25 PCA I
25.1 Unsupervised Learning
In “Supervised Learning”, our goal is to create a model that maps inputs to outputs.
Model is learned from example input/output pairs. Each pair consists of:
- Input vector.
- Output value (label).
We learned two supervised learning methods so far.
Regression: Output value is quantitative.
Classification: Output value is categorical.
Now, we will move into “Unsupervised Learning”, where our goal is to identify patterns in unlabeled data. We do not have input/output pairs. Note: Sometimes we may have labels, but we choose to ignore them.
25.1.1 Dimensionality Reductions
Suppose we wanted to study how students worked through an introductory CS assignment, where they have to draw a pyramid using graphics and blocks.
A researcher has already labeled all “assignment snapshots” as one of 16 different “milestones” of the program. How can we visualize how similar/close the snapshots are on a 2-D plane?
Problem: Each image is 800 x 600 = 480k pixels. This is a lot of features, but visualizations are usually 2-D. Past 3 dimensions is hard to perceive meaningfully.
Solution: Dimensionality reduction to 2-D space.
Principal Component Analysis (PCA) is a linear technique for dimensionality reduction.
PCA relies on a linear algebra algorithm called Singular Value Decomposition.
25.1.2 Dimensionality of Data (Linear Algebra)
Previously, we have been working with data tables with rows and columns. These rows and columns corresponded to observations and attributes about said observations. Now, we have to be a bit more clear with our wording to follow the language of linear algebra.

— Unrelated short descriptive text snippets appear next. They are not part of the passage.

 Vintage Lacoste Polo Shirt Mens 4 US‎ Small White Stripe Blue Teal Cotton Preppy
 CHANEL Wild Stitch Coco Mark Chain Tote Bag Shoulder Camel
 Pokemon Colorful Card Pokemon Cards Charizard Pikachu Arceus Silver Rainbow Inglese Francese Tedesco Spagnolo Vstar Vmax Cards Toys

Suppose we have a dataset of: - N observations (data points/rows) - d attributes (features/columns).
In Linear Algebra, we think of data being a collection of vectors. Vectors have a dimension, meaning they have some number of unique elements. Row and column now denotes the direction a vector is written (horizontally, like a row, or vertically, like a column):
Linear Algebra views our data as a matrix: - N row vectors in a d-Dimensions, OR - d column vectors in an N-Dimensions.
Dimensionality of data is a complex topic. Sometimes, it is clear from looking at the number of rows/columns, but other times it is not.

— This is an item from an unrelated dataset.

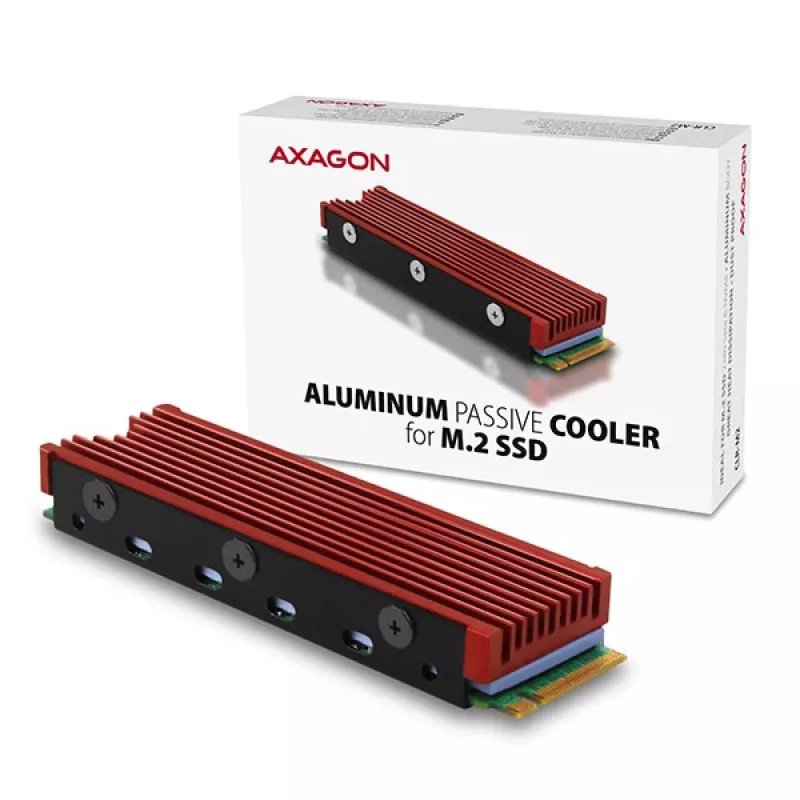 Axagon CRL-M2 Pasyvus aliumininis aušintuvas M.2 SSD diskams, dydis 2280, aukštis 12 mm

For example, the dataset below we can see that while there is 4 columns, the Weight (lbs)
actually just a transformation of the Weight (kg)
column. Thus, no new information is captured
Plotting the weight columns together reveals the key visual intuition. While the two columns visually span a 2-d space as a line, the data does not deviate at all from that singular line. This means that one of the weight columns are redundant! Even given the option to cover the whole 2d space, the data below does not. It might as well not have this dimension, which is why we still do not consider the data below to span more than 1 dimension.
25.1.3 Matrix Decomposition
How can we get rid of the non-essential parts of our matrix? One overarching idea is to break the matrix into a smaller matrix through clever matrix multiplication. This is called matrix decomposition.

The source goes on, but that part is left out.